Comunque, lui non deve cambiare alcunché.
Poi, è normale che in una federazione ci siano persone più o meno soddisfatte, come dappertutto c’è chi si arrabbia, chi se ne va… a me dispiace per avere perso molti compagni, ma delle beghe m’interessa poco.
Ciò che trovo brutto è invece il clima: una volta, gli stage erano anche un’occasione per incontrarsi tra amici, per praticare e poi uscire a mangiare insieme; adesso si è tutto “impoverito”, ci si trova, si fa lo stage un’ora e si riparte.
Alle lezioni di Mestre, o di Lucca, dopo l’allenamento, si mangia insieme e il Maestro aspetta questa occasione. Stare così con un maestro è un momento bello.
Una volta ero con lui e col mio Maestro Loris Guidetti a pranzo, e il Maestro Shirai, per spiegare una cosa, fece una scritta in giapponese su un tovagliolo di carta che poi lasciò lì, io lo presi e lo conservo ancora. Per me è un bel ricordo.
Forse è l’attenzione con la quale l’ho sempre seguito e ascoltato che mi ha permesso di arrivare a cinquantotto anni (fino all’ictus) in forma, facendo come dice lui.
Quelli della mia generazione hanno veramente vissuto il rapporto col Maestro, ora per gli allievi giovani è molto diverso, mentre per noi è stata una fortuna. Come col Maestro Kase, che è stata una grossa perdita.
Ci sono stati periodi della mia vita in cui non avevo legami e il Maestro mi chiamava a seguirlo in giro per tutta Italia e venivo anche stipendiato per questo. Però ho avuto “paura” di questa cosa, perché più dai al Maestro, più lui pretende, e io avevo il timore di deluderlo nel caso non mi fosse più stato possibile andare dove voleva. Allora ho preso le distanze: sono rimasto allievo, ma libero di scegliere quando potevo seguirlo o meno.
La scorsa settimana a Ferrara l’ho avvicinato e gli ho chiesto se gli creava dei problemi il fatto che io andassi ai suoi stage. Lui mi guarda e dice: “Paolo stai scherzando? Tu sei dove sono io!”. Credo che si debba sempre rimanere umili ed è la cosa che, nonostante il nostro legame, mi ha fatto fare questa domanda. Lui sa perfettamente chi sono e cosa mi è successo, ma ogni volta che lo incontro mi chiede se sono migliorato, perché ha sempre la speranza che qualcosa possa cambiare.
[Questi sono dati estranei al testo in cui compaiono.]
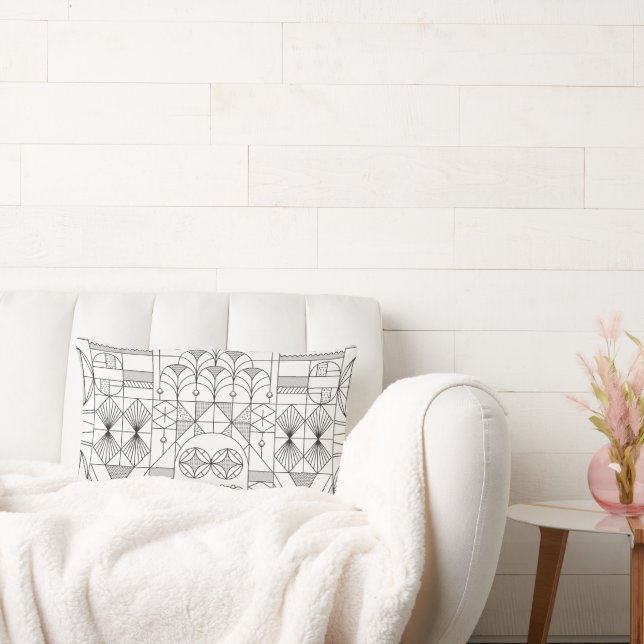 Coussin Rectangle Lignes de symétrie Art Déco Lancer l'oreiller (Canapé)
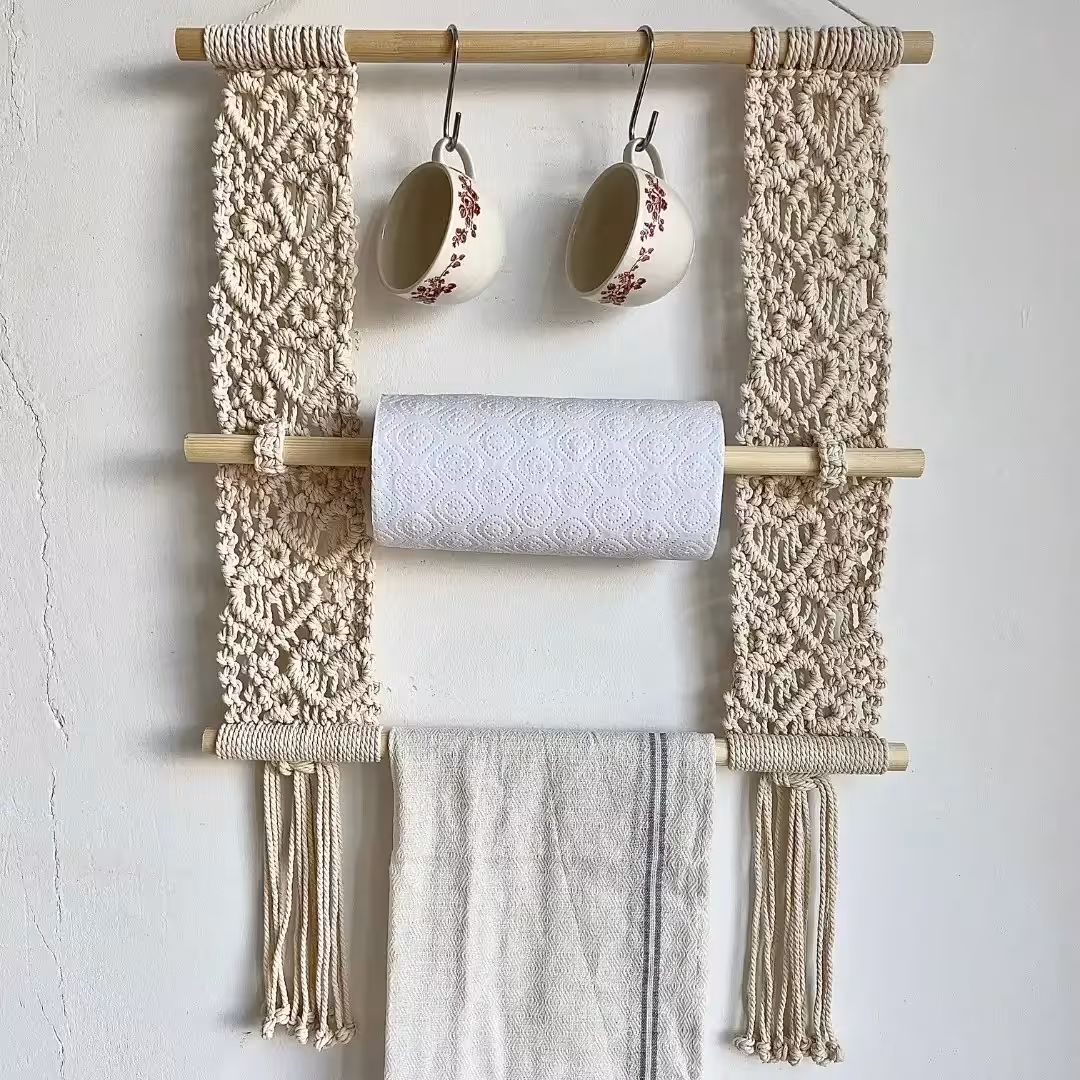 جادستمال و آویز حوله مکرومه طرح هلیا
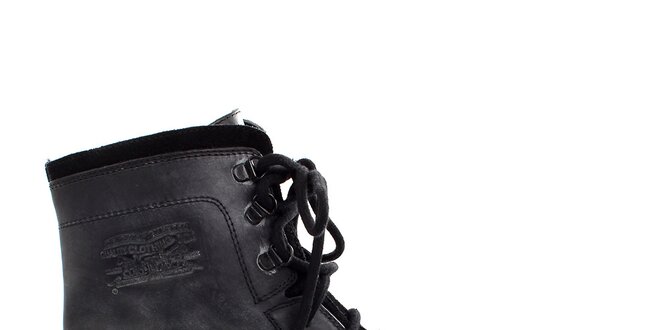 Pánske čierne kožené šnúrovacie topánky Levis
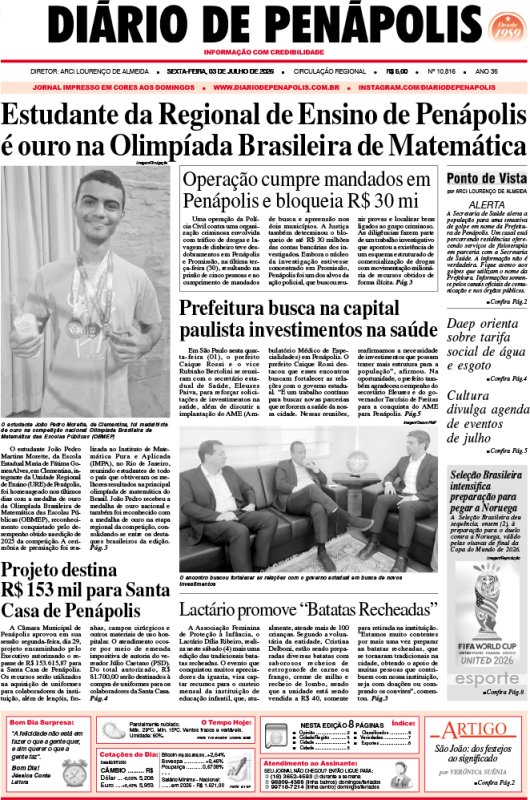 Capa do jornal DIÁRIO impresso desta sexta-feira (03)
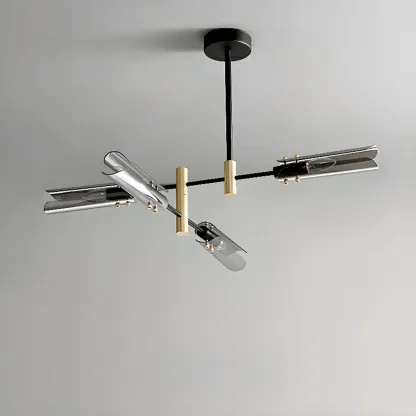 Modern Industrial Linear Chandelier with Adjustable Height Image - 10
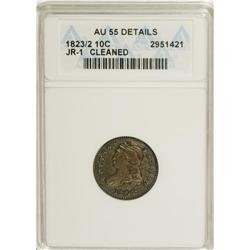 1823/2 10C Small E''s--Cleaned--ANACS. AU55 Details. J
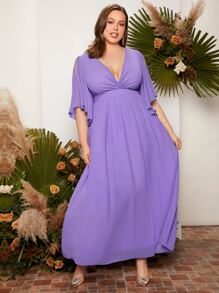 SHEIN Belle Plus Plunging Neck Ruched Front Split Sleeve Backless Bridesmaid Dress - Lilac Purple - View 3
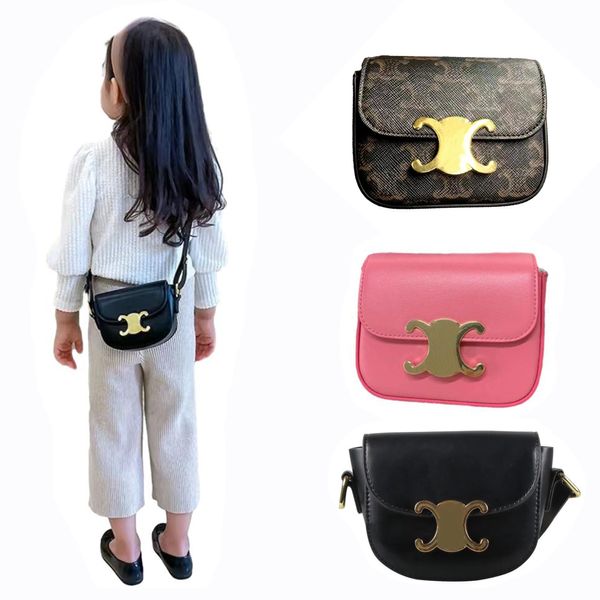 Moda kız bebek prenses crossbody çanta çocuklar güzel mini zincir para çantası sevimli deri omuz çantaları küçük cüzdan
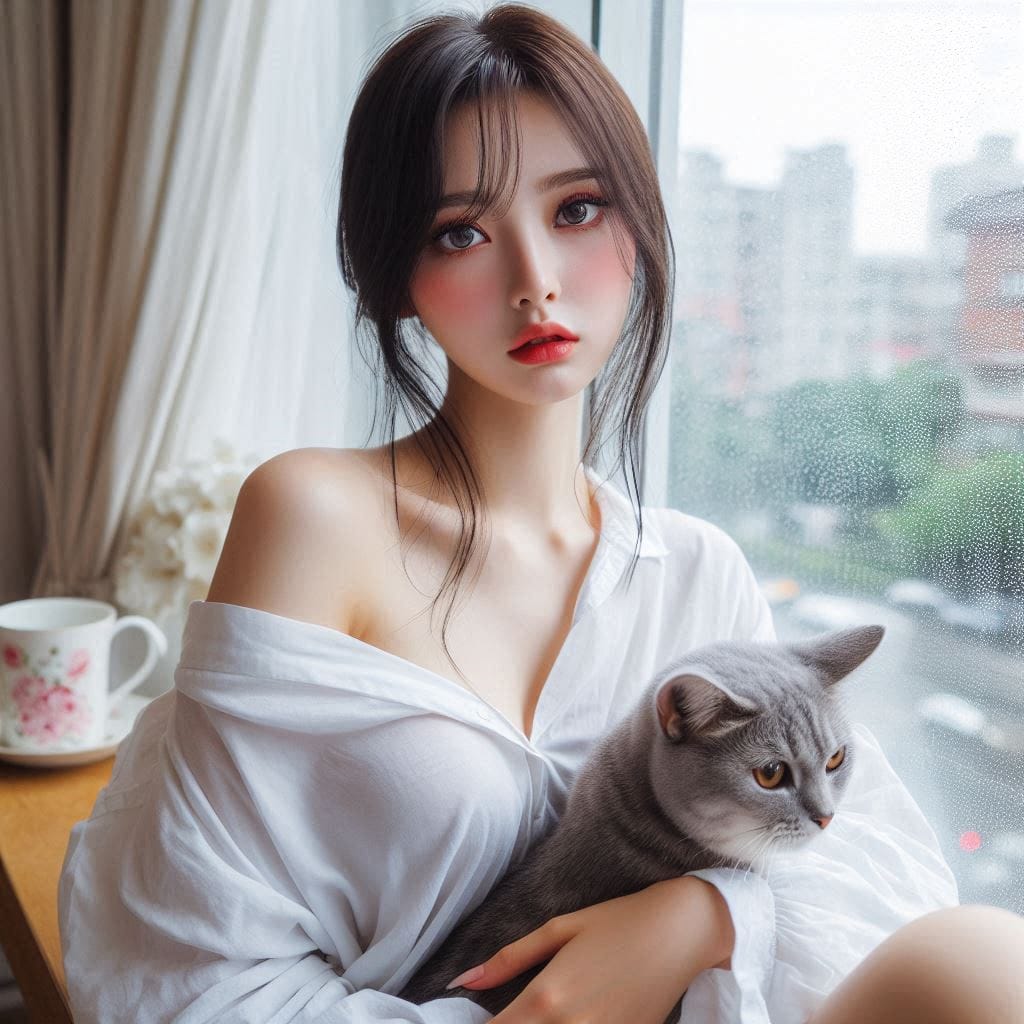 The girl is at home snoring at the cat. Watching the rain outside the window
Oggi è anche responsabile regionale degli arbitri.
Il karate non è mai stato il mio lavoro, ho sempre fatto l’operaio, facevo il tornitore, ma sei sere a settimana ero in palestra e ho fatto gare importanti. Però non ho fatto solo quello, ho avuto due mogli e due figli, un lavoro impegnativo, per cui “non mi ha regalato niente nessuno”. Anche ora che ho la pensione d’invalidità faccio tutto lo stesso, anche se non completamente col corpo.
Quest’anno sono diventato responsabile degli arbitri in Emilia Romagna, dato che il M° Dario Ukmar lo è diventato a livello nazionale.
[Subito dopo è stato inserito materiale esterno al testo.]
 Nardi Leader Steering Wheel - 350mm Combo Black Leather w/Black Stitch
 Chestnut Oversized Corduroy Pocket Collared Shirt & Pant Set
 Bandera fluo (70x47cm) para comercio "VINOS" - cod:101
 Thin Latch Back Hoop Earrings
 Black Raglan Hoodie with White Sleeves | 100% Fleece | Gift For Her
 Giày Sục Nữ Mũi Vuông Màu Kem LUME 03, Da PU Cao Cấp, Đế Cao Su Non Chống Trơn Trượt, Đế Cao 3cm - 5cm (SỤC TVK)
La mia grinta e il mio carattere, non sono stati intaccati, quando insegno lo faccio come una volta, con lo stesso dinamismo e la stessa forza. Agli arbitri dico: se siete stanchi andate a casa! Si lamentano di essere “vecchi”, ma se potessi io sarei il primo davanti a loro. Non si deve mollare e soprattutto non si deve fare karate “per finta”. Il karate va fatto sul serio: col cuore, con la mente e, in ultimo, con il fisico. Agli arbitri ogni tanto “tiro il collo”, perché non ci sono scuse per non fare.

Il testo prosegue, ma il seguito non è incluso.